Si on observe la période qui va des années 1980 à la fin des années 2000, l’évolution des revenus dans le monde prend la forme d’une « courbe de l’éléphant », comme nous l’avions qualifiée avec Christoph Lakner, en jaune dans notre graphique [1]. La période a été marquée par une très forte augmentation des revenus pour la classe d’habitants du monde proche du revenu médian [2] mondial (le point A). La croissance des revenus a été plus modeste, voire proche de zéro, pour les personnes situées entre les 20 % et les 10 % les plus riches (les classes moyennes inférieures des pays riches) (le point B) et pour les 5 % les plus pauvres, et montre une augmentation soudaine pour le 1% le plus riche (le point C).

Au cours de la décennie 2008-2018, l’éléphant a disparu : la croissance des revenus est plus forte pour les plus modestes, comme le montre la courbe violette de notre graphique. Que s’est-il passé ?

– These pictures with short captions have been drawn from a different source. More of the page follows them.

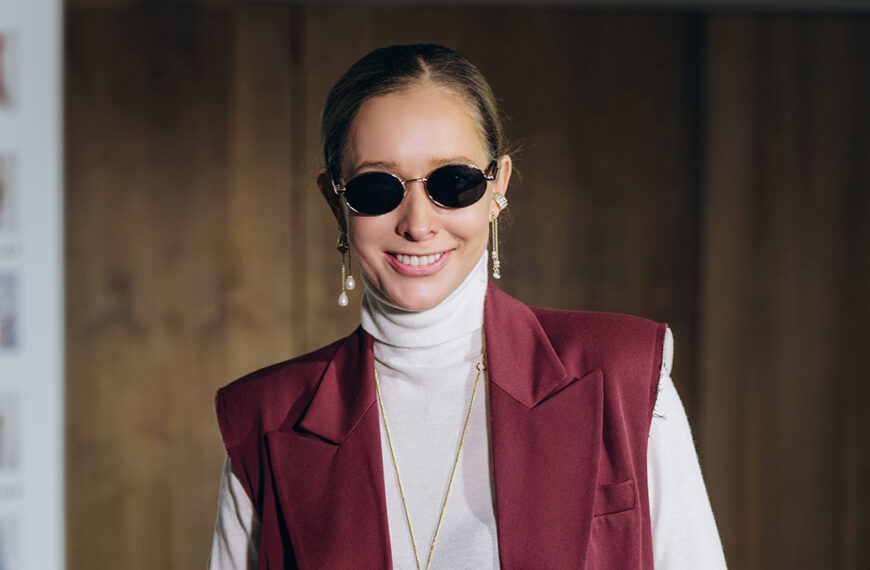 Ukrainian Fashion Week FW’26-27: Нові тренди та зіркові гості RITO GROUP – твоя фешн-порада&hellip;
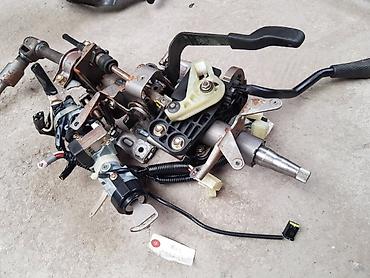 step wgn: Рулевая колонка HONDA Stepwgn RF1, двигатель B20B, год 2000 — 1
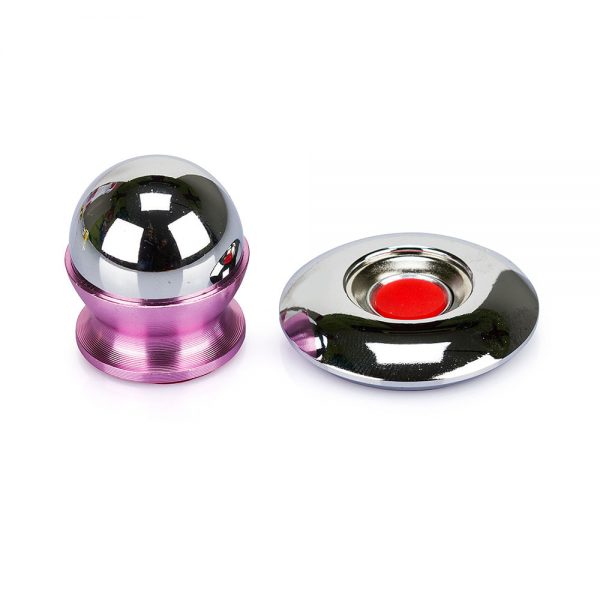 Suporte para Celular e GPS 360º com Imã Rosa - Imagem 2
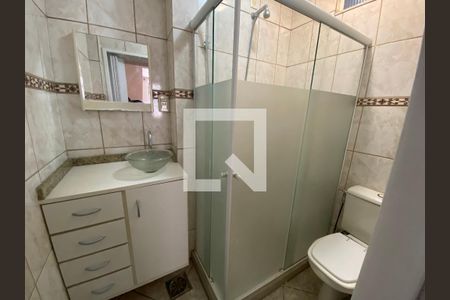 Casa para alugar com 70m², 2 quartos e 1 vagaBanheiro Social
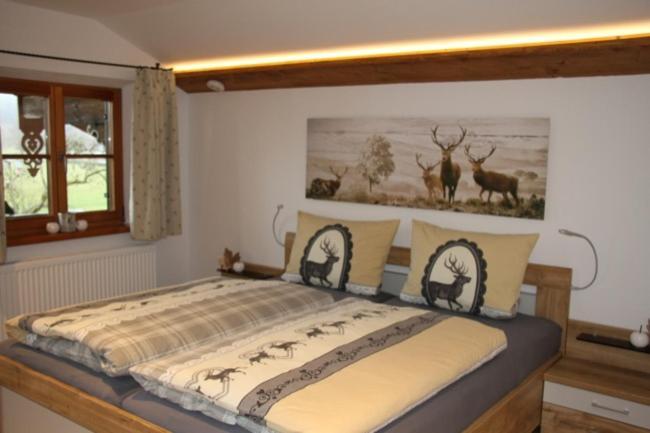 Ferienwohnungen Ortner-Hof Inkl. Chiemgaukarte Ruhpolding Ngoại thất bức ảnh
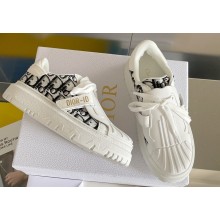 Dior Calfskin Dior-ID Sneakers 09 2022
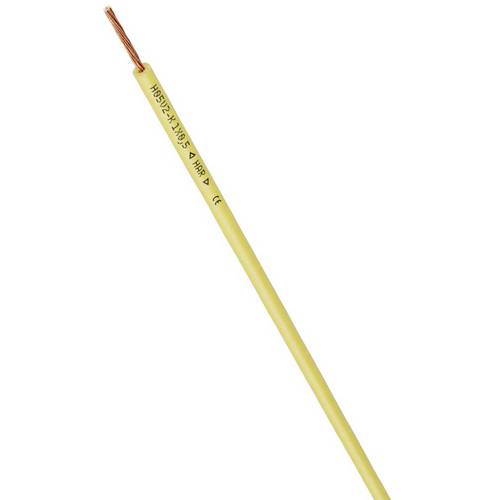 LAPP 4515112K/2500 Einzelader 1 x 0.75 mm² Gelb 2500 m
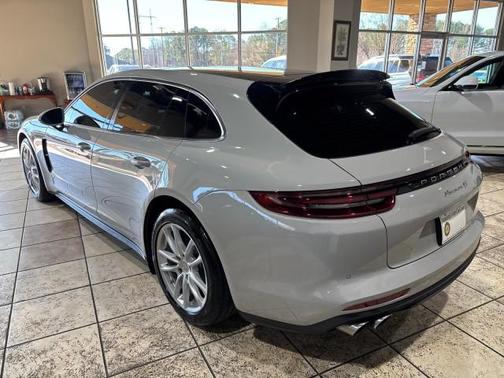 2018 Porsche Panamera Sport Turismo 4S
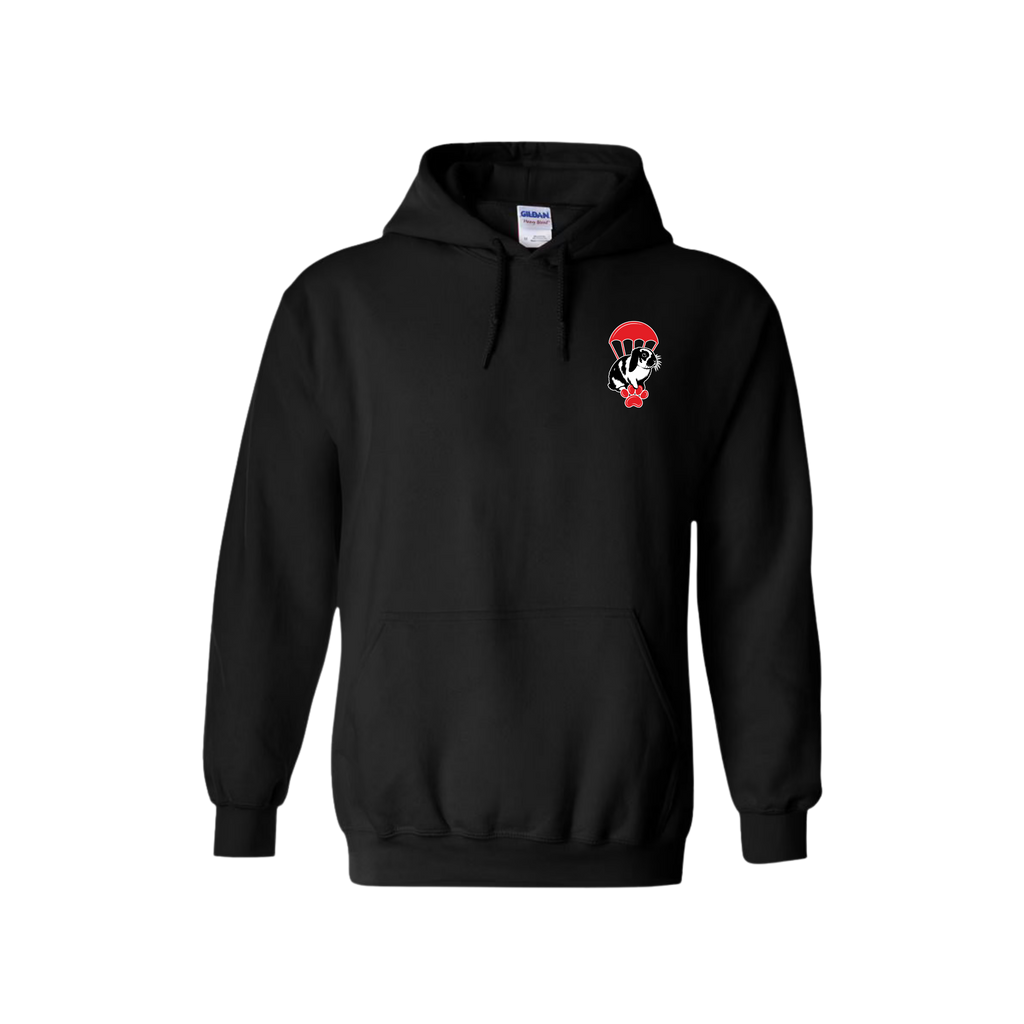 The Past is Dead Tito Hoodie (pre-order)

Pour le comprendre, il nous faut revenir aux effets de la crise financière et économique de 2008. Cette crise est restée localisée dans les pays occidentaux, dont certains ont même vu leurs revenus diminuer. La croissance en Asie, en particulier en Chine, n’a pratiquement pas été affectée. Selon des études du Luxembourg Income Study (LIS) sur les revenus aux États-Unis, les 5 % les plus riches de la population des États-Unis ont perdu environ 10 % de revenus entre 2008 et 2010 si l’on tient compte de l’inflation. Pour le 1 % le plus riche, cette baisse atteint près de 20 %. Ils ont récupéré leur niveau de revenus dans les années suivantes, mais ils n’ont retrouvé l’équivalent de leur niveau de 2007 qu’en 2015. Cela explique pourquoi la partie de la courbe qui représente la croissance des revenus des plus riches du monde (la trompe de l’« éléphant ») est moins prononcée sur la période la plus récente.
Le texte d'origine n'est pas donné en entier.